Exercise
Find and copy each line of the records where the string "silver" shows up.

The records
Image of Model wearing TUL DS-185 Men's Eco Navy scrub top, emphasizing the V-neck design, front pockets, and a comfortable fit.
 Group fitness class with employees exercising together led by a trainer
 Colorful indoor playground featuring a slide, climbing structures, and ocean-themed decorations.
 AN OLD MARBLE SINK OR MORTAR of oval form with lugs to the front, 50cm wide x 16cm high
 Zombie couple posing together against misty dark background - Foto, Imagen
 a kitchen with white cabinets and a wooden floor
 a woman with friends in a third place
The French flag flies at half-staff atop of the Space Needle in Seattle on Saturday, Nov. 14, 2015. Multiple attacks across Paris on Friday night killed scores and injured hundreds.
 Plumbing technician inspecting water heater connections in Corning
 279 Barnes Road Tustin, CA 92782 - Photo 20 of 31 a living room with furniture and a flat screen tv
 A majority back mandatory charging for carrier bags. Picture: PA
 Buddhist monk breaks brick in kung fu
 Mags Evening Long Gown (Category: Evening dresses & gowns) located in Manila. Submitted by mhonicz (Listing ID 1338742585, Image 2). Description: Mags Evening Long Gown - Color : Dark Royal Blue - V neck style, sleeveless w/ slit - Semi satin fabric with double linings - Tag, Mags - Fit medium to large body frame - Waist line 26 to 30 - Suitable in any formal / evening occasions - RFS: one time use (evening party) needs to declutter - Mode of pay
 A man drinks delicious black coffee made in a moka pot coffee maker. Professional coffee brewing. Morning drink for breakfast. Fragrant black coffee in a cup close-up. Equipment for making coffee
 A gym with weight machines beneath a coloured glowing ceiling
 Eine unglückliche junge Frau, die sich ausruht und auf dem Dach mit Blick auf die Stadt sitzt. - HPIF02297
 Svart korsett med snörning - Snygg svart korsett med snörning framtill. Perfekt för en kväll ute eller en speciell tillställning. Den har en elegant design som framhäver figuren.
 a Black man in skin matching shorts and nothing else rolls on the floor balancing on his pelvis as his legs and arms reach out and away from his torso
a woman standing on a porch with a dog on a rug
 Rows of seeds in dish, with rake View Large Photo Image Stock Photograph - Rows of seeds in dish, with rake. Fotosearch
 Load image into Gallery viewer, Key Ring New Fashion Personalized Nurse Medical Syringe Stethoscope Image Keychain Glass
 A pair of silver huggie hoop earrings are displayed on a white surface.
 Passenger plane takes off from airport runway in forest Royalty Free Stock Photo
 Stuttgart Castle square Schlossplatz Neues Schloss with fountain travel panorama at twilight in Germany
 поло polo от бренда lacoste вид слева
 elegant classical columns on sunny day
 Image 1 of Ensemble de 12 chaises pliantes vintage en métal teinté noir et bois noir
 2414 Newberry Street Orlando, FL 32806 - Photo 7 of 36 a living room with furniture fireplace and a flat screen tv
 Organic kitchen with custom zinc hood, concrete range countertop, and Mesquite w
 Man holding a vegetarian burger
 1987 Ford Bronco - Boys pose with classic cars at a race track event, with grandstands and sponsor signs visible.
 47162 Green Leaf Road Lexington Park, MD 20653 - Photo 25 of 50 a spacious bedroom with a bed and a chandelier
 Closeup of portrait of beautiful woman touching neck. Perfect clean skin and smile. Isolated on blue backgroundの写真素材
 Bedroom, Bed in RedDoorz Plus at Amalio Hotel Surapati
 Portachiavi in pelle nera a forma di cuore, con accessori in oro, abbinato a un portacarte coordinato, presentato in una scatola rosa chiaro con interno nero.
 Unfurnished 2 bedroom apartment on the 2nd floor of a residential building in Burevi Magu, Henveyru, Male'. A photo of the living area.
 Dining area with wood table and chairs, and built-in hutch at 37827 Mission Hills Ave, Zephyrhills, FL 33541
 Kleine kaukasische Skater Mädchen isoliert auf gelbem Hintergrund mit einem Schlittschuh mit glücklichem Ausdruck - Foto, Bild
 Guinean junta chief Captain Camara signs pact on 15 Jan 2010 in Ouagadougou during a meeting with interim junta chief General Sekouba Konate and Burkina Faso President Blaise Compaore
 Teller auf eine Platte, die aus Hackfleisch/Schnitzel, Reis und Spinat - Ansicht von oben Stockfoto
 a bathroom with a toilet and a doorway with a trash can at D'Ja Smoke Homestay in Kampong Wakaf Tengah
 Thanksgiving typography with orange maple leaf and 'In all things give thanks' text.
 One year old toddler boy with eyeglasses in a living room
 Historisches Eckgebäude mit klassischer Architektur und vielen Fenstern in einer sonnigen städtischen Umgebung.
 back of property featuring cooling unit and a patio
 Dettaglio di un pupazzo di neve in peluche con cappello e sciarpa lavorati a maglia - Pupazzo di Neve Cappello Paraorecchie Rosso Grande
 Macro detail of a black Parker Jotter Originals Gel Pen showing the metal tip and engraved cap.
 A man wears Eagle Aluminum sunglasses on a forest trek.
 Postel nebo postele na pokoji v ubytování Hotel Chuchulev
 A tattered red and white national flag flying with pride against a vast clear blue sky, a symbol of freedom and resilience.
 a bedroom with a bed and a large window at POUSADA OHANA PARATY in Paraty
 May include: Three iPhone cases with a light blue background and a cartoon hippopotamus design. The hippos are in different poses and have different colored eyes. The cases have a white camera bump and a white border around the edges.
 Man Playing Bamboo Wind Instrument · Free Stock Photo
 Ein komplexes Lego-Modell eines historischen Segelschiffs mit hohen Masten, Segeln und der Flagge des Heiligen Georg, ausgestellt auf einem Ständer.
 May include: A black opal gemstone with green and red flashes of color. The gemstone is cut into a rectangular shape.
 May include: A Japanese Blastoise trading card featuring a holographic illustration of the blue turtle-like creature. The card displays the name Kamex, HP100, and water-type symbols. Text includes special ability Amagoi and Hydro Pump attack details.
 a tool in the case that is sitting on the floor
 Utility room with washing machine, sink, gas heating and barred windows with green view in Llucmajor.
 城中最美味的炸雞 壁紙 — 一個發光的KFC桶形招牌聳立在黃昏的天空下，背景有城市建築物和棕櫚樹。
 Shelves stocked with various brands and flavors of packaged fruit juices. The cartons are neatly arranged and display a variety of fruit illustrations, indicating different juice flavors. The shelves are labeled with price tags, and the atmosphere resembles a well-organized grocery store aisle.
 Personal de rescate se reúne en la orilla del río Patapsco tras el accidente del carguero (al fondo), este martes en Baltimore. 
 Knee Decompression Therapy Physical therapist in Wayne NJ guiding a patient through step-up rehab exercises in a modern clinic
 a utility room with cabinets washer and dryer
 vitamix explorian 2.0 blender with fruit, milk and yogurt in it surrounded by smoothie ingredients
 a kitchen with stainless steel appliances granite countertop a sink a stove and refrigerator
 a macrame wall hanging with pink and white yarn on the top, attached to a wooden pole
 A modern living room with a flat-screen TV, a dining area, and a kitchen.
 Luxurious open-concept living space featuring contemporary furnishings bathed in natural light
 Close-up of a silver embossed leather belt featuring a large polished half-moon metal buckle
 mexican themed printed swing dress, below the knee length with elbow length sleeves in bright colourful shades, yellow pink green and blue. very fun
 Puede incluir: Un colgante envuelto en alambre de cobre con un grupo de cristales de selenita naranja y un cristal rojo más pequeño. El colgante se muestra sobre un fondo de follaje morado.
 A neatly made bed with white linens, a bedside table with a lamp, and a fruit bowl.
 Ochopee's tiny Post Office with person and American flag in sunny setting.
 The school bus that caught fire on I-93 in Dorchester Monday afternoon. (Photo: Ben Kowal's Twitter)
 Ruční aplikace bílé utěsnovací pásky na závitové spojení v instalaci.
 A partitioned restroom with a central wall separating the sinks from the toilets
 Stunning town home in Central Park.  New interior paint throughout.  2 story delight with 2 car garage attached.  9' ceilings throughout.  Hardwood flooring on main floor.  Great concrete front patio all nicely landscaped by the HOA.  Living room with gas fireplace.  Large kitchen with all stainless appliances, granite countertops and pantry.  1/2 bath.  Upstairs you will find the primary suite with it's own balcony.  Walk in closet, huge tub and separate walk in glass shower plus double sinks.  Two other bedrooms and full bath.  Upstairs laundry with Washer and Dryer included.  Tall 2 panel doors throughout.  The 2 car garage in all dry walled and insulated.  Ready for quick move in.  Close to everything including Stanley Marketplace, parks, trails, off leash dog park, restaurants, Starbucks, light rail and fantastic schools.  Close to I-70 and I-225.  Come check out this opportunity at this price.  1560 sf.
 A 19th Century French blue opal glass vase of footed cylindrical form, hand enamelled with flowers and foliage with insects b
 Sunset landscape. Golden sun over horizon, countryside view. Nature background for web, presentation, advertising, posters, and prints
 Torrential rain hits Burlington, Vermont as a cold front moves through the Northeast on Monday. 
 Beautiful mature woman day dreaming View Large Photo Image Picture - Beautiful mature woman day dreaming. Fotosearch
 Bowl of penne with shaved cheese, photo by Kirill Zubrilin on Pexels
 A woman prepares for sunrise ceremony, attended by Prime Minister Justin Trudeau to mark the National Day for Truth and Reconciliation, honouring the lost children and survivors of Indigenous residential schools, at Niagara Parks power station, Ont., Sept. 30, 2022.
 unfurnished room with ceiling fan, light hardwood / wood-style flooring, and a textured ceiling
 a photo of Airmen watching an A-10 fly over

Exercise result
 A pair of silver huggie hoop earrings are displayed on a white surface.
 Close-up of a silver embossed leather belt featuring a large polished half-moon metal buckle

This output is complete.